### Data supplied ###

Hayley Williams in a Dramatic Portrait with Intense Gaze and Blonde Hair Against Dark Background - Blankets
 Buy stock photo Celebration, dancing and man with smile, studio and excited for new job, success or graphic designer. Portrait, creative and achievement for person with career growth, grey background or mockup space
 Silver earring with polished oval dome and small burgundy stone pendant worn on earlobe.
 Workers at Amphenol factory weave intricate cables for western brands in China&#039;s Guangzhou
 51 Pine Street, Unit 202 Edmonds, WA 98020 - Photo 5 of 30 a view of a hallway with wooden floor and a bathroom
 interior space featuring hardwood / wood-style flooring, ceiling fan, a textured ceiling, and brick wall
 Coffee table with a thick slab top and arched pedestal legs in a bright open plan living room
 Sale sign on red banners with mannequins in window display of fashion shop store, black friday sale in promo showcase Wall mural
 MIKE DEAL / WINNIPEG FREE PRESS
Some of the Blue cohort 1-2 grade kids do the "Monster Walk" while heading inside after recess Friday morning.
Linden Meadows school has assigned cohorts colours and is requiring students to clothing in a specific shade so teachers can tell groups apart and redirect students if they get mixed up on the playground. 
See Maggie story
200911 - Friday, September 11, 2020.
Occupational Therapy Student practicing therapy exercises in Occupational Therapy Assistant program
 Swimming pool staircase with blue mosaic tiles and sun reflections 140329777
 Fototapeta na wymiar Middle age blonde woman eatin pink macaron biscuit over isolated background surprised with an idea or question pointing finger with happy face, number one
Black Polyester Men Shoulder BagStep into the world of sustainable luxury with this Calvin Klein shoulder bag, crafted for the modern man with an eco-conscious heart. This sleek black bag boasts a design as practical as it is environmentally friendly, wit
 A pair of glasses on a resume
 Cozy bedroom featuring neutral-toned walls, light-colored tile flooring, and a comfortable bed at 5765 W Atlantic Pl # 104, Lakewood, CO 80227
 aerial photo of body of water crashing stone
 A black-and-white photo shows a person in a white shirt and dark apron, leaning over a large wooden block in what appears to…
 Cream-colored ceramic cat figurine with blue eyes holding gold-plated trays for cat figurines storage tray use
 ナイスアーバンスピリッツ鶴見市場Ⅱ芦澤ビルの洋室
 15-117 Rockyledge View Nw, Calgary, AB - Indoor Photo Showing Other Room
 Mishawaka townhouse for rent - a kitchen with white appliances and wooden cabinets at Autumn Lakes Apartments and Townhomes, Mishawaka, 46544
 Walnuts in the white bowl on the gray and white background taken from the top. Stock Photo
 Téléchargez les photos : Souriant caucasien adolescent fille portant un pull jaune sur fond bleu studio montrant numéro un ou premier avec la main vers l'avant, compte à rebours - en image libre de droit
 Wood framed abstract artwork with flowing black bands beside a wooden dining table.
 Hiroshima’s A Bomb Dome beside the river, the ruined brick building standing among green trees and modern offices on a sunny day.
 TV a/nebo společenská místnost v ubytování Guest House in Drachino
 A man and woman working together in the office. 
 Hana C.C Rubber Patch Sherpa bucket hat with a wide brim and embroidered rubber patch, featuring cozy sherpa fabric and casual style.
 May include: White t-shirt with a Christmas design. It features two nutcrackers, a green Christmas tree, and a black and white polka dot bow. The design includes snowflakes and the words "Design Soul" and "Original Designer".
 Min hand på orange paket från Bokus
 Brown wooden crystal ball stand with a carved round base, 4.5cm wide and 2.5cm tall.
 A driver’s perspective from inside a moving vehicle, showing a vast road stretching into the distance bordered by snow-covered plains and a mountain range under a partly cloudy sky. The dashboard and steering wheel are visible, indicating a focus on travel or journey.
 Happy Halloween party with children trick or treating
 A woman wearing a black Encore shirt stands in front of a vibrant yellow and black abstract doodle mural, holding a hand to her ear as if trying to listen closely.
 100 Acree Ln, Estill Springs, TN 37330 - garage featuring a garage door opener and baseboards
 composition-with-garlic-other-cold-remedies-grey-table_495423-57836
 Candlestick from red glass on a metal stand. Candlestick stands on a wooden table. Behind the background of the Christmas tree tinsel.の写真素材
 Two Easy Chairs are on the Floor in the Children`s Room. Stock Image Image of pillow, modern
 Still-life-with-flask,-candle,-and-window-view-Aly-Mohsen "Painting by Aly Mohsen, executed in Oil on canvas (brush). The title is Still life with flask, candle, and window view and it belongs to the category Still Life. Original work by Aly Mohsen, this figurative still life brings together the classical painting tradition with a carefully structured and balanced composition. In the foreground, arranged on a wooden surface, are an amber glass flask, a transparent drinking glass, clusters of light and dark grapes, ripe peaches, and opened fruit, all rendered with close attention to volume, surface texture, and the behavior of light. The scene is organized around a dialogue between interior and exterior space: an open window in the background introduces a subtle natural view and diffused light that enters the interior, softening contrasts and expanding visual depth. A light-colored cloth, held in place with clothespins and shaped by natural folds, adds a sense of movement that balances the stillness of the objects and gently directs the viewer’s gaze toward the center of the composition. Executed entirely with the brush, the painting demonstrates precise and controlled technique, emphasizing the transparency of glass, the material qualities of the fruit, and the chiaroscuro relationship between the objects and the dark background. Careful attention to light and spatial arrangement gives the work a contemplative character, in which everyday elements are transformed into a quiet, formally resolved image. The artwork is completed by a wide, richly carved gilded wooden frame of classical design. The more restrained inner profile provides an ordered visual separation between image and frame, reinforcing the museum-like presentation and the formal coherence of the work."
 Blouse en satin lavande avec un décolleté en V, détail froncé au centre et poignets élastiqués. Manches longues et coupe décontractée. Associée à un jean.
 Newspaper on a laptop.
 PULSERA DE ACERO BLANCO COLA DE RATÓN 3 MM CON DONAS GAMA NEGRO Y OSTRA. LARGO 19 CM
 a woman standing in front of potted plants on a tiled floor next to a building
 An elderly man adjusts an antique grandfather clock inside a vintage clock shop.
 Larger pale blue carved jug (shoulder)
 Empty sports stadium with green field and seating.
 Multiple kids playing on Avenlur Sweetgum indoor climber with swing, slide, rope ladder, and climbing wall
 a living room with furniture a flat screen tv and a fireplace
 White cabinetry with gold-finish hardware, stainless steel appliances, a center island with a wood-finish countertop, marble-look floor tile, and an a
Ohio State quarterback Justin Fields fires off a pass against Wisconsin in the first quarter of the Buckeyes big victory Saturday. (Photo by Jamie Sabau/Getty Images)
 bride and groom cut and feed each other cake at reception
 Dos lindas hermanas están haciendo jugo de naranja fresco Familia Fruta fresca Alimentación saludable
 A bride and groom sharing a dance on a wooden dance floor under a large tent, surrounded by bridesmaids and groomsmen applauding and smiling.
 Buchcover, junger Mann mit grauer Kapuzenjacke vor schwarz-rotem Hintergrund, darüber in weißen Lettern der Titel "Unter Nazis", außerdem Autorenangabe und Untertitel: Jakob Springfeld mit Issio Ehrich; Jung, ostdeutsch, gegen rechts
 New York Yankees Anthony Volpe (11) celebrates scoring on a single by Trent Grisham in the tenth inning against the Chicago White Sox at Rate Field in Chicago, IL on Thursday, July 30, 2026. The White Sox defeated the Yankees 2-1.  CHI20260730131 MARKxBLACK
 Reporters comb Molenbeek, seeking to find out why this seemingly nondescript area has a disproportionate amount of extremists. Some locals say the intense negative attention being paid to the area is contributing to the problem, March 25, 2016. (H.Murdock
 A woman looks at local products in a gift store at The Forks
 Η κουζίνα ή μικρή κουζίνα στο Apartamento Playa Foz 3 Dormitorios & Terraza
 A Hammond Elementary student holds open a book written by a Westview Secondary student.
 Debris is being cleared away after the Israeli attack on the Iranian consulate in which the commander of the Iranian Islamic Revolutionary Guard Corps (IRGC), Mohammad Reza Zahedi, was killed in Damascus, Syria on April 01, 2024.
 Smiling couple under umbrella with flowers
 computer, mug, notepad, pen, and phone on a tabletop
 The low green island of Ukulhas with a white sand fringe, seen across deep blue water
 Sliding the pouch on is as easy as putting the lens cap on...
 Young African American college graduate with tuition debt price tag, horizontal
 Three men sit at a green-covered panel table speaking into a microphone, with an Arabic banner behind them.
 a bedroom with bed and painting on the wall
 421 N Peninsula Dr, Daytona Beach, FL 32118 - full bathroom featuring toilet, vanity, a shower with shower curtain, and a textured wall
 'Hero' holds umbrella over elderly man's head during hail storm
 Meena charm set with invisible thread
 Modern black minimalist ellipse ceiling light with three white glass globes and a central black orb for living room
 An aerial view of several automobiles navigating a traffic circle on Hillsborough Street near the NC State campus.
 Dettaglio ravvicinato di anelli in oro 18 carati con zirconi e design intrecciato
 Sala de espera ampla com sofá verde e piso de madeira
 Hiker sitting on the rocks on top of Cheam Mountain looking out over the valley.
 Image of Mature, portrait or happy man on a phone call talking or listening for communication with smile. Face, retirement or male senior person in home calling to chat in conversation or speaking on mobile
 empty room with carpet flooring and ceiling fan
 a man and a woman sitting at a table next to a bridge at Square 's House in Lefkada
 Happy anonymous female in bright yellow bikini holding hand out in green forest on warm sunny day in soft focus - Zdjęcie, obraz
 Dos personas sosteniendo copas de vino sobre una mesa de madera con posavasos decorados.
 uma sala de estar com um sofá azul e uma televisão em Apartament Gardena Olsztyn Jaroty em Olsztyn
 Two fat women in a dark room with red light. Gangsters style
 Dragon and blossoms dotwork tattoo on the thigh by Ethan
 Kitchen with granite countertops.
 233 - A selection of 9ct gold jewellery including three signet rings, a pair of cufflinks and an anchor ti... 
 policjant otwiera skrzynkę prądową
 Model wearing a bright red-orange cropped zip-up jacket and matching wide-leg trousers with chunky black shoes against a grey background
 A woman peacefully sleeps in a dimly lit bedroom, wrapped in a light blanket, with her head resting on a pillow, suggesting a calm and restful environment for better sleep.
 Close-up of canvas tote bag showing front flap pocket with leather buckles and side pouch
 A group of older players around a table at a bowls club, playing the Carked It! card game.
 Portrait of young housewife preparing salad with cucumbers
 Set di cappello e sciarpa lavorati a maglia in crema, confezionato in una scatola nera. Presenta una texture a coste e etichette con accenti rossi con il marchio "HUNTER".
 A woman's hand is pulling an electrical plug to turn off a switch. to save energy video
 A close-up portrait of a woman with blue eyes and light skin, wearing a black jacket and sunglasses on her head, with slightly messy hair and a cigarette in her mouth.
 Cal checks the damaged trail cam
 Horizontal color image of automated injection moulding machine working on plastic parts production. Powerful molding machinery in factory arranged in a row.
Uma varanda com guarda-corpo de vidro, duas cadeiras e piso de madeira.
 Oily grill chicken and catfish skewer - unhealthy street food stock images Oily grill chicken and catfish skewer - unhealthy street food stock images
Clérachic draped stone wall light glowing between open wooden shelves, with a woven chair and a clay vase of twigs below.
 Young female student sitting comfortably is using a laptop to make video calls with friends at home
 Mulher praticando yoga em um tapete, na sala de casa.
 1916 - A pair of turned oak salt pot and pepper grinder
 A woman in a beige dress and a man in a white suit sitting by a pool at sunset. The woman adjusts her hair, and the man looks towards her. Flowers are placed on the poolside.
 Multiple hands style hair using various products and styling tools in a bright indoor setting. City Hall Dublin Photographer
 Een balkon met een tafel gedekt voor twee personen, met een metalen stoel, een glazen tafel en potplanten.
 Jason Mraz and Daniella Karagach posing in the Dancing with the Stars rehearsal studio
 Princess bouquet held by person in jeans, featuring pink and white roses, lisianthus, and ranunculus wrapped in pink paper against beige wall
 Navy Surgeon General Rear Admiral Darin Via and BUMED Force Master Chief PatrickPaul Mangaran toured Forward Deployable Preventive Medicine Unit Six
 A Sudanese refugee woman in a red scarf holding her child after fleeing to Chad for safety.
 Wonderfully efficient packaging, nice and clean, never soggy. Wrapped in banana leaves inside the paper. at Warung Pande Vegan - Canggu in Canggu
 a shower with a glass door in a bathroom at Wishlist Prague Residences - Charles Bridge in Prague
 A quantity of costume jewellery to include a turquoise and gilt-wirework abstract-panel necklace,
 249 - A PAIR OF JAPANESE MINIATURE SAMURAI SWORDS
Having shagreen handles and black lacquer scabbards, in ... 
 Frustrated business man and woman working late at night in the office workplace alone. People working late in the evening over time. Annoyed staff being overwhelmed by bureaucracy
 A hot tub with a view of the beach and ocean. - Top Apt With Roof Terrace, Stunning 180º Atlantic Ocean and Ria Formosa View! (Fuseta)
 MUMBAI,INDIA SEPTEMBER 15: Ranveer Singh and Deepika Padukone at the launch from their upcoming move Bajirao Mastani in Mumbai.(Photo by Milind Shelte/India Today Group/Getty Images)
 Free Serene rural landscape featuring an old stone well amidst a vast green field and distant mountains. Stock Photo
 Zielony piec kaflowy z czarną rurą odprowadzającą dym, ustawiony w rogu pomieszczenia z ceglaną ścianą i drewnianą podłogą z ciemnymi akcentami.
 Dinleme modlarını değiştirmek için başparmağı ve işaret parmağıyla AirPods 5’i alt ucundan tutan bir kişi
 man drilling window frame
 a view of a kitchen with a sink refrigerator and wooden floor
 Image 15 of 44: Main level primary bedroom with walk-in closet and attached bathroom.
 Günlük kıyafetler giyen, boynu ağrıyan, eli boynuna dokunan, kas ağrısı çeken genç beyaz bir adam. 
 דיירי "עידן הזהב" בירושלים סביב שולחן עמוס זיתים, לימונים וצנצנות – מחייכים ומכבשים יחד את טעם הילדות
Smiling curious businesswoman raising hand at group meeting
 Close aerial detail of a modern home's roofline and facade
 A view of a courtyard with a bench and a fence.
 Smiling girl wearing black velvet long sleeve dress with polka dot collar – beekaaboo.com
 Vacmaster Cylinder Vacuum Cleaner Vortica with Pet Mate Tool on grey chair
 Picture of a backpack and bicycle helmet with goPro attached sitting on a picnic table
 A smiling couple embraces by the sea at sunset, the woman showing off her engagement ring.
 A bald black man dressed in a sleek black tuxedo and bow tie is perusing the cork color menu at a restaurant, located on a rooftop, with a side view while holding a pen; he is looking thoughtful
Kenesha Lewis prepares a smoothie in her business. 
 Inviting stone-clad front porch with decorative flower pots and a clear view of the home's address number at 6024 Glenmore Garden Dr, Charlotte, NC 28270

###

- **Task statement**: Reproduce exactly the lines of the records above from the one with "Blouse en satin" to the one with "a living room", both included, and leave out everything else.

- **Exercise result**:
 Blouse en satin lavande avec un décolleté en V, détail froncé au centre et poignets élastiqués. Manches longues et coupe décontractée. Associée à un jean.
 Newspaper on a laptop.
 PULSERA DE ACERO BLANCO COLA DE RATÓN 3 MM CON DONAS GAMA NEGRO Y OSTRA. LARGO 19 CM
 a woman standing in front of potted plants on a tiled floor next to a building
 An elderly man adjusts an antique grandfather clock inside a vintage clock shop.
 Larger pale blue carved jug (shoulder)
 Empty sports stadium with green field and seating.
 Multiple kids playing on Avenlur Sweetgum indoor climber with swing, slide, rope ladder, and climbing wall
 a living room with furniture a flat screen tv and a fireplace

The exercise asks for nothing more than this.